* **What to work on**
Write out exactly the lines running from the one with "左脚踝关节对应器官(左脚踝关节与哪个器官有关？)" to the end of the data, including both of those lines and excluding pictures.

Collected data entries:
============
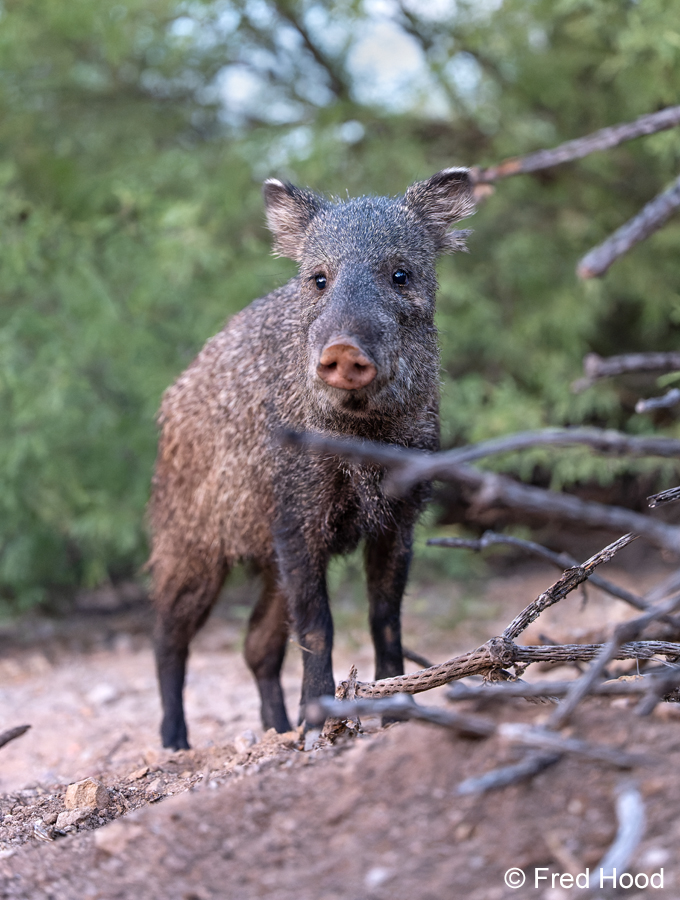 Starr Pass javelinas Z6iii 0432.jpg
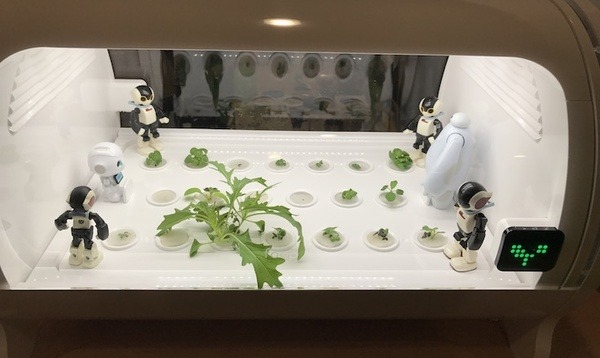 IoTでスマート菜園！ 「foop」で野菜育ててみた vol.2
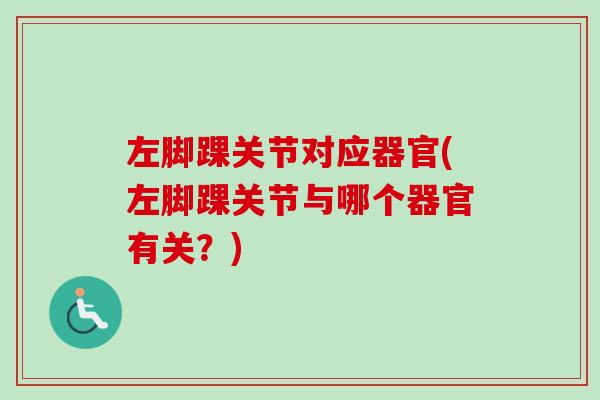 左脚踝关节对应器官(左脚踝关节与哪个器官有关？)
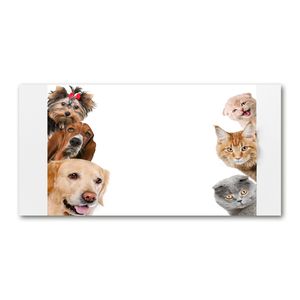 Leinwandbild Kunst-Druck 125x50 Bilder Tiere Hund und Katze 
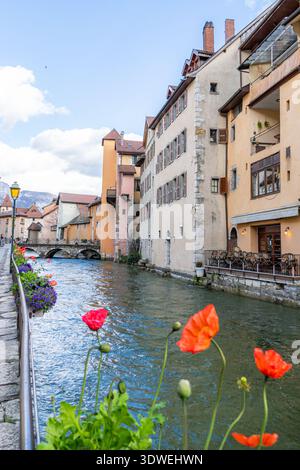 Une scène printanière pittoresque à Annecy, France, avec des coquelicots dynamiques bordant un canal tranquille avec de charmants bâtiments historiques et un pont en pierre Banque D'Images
============
* **Completed exercise**
 左脚踝关节对应器官(左脚踝关节与哪个器官有关？)
 Leinwandbild Kunst-Druck 125x50 Bilder Tiere Hund und Katze 
 Une scène printanière pittoresque à Annecy, France, avec des coquelicots dynamiques bordant un canal tranquille avec de charmants bâtiments historiques et un pont en pierre Banque D'Images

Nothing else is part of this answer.